[Mlir-commits] [mlir] [mlir][vector] Set InBound for vector read write after peeling (PR #89108)

Thu Apr 18 20:57:28 PDT 2024

https://github.com/ShivaChen updated https://github.com/llvm/llvm-project/pull/89108

>From a3fed33d46aa0f358a1e2f851e369c4d3eee156d Mon Sep 17 00:00:00 2001
From: Shiva Chen <shiva.chen at imgtec.com>
Date: Wed, 17 Apr 2024 17:22:24 +0100
Subject: [PATCH 1/3] [mlir][vector] Set InBound for vector read write after
 peeling

Setting InBound attribute for vector.transfer_read/write if the
loop iteration is multiple of vector size.

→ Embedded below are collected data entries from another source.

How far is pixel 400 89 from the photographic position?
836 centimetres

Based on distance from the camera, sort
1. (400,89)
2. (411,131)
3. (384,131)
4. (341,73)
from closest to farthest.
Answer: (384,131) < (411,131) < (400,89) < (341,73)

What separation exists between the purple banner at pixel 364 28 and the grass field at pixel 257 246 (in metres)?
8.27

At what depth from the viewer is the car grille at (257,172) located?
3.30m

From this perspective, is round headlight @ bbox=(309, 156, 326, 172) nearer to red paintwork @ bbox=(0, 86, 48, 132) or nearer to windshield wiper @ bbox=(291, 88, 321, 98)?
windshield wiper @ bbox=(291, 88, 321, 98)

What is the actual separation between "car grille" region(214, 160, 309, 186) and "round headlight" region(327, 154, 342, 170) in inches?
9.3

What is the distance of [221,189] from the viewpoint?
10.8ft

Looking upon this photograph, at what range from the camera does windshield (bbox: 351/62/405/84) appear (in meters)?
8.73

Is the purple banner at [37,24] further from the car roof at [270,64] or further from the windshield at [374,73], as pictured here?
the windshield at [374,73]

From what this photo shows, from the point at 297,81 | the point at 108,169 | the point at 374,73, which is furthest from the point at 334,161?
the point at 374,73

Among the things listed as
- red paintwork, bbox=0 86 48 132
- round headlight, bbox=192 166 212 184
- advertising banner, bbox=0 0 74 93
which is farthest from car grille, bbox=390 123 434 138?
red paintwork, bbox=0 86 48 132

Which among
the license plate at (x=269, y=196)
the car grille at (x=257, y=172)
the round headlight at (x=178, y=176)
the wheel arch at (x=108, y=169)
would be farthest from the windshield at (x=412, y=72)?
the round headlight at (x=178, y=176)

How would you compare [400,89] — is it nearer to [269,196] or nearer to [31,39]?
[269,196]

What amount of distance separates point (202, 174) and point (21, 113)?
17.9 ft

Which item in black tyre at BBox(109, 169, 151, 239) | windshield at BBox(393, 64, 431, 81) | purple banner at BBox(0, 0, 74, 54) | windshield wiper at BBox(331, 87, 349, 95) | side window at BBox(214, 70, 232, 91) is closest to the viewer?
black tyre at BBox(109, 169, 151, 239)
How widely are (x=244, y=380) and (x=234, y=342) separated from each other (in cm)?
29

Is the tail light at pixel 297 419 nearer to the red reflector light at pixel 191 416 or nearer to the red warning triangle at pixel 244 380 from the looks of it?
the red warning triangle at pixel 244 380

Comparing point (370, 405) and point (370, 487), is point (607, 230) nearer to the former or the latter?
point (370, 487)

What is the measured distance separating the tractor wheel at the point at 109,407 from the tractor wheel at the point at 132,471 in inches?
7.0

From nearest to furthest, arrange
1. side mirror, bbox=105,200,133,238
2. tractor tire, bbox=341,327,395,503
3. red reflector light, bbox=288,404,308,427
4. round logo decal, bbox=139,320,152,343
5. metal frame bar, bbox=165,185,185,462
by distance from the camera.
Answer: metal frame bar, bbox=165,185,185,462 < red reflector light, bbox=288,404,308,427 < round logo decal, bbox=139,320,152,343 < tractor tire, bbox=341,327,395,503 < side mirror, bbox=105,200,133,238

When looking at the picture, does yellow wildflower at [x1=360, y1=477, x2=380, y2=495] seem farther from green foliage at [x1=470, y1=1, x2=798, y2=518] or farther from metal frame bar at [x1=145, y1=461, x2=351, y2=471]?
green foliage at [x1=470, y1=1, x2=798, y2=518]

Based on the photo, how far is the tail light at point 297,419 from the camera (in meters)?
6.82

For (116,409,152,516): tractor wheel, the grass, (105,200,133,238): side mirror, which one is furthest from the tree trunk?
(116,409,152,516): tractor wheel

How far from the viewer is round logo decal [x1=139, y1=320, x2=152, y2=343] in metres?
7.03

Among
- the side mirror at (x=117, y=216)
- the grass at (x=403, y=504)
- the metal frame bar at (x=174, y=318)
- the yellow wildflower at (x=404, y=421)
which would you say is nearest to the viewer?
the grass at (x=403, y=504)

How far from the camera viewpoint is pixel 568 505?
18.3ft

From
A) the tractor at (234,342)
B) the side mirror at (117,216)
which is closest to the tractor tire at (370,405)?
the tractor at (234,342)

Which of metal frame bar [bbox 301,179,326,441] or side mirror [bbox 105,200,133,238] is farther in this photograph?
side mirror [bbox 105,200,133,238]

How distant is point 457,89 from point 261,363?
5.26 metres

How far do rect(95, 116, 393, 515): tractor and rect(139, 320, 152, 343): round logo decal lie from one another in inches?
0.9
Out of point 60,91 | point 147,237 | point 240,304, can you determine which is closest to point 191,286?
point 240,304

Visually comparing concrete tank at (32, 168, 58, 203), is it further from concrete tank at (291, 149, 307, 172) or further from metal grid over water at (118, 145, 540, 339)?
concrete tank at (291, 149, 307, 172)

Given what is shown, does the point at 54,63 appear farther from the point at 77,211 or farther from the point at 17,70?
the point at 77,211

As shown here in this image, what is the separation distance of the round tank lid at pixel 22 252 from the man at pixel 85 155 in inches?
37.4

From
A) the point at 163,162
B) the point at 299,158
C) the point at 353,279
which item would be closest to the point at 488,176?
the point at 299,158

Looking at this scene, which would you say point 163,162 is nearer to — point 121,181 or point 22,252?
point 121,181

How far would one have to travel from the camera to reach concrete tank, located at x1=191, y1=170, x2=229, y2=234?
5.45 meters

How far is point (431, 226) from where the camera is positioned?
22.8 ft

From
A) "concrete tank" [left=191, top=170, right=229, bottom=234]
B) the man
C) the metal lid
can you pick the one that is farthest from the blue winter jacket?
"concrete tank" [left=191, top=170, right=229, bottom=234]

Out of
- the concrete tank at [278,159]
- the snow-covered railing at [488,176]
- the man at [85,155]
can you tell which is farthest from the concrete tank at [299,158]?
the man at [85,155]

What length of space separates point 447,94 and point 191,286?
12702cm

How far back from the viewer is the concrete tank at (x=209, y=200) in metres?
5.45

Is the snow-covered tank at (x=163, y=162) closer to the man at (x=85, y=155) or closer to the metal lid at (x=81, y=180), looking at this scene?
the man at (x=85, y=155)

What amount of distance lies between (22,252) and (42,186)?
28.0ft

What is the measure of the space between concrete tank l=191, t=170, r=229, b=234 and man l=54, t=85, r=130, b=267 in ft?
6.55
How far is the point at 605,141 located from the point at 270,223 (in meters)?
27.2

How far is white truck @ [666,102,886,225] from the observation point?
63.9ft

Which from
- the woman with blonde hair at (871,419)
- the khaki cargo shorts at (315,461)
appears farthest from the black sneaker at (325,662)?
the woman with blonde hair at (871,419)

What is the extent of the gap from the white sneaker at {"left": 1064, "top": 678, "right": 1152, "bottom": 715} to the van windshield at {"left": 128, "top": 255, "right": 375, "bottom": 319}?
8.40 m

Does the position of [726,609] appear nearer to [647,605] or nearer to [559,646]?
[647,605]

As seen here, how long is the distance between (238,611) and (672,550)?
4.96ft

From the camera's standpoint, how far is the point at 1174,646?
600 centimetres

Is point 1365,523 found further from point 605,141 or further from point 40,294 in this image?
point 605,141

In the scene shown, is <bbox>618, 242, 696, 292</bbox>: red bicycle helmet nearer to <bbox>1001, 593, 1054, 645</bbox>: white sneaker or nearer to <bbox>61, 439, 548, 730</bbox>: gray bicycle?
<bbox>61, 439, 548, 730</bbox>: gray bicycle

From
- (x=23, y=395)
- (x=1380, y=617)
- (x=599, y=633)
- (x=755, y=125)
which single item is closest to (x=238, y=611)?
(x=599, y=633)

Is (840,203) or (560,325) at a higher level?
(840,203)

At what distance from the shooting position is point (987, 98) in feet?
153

In this case, the number of effective vector elements in the last
iteration is equal to vector size. So the mask can be avoid to
generate by setting the attribute.

The loop could be produced by -scf-for-loop-peeling.
---
 mlir/lib/Dialect/Vector/IR/CMakeLists.txt     |  1 +
 mlir/lib/Dialect/Vector/IR/VectorOps.cpp      | 55 ++++++++++++++++++-
 .../Dialect/Vector/vector-transforms.mlir     | 23 ++++++++
 3 files changed, 78 insertions(+), 1 deletion(-)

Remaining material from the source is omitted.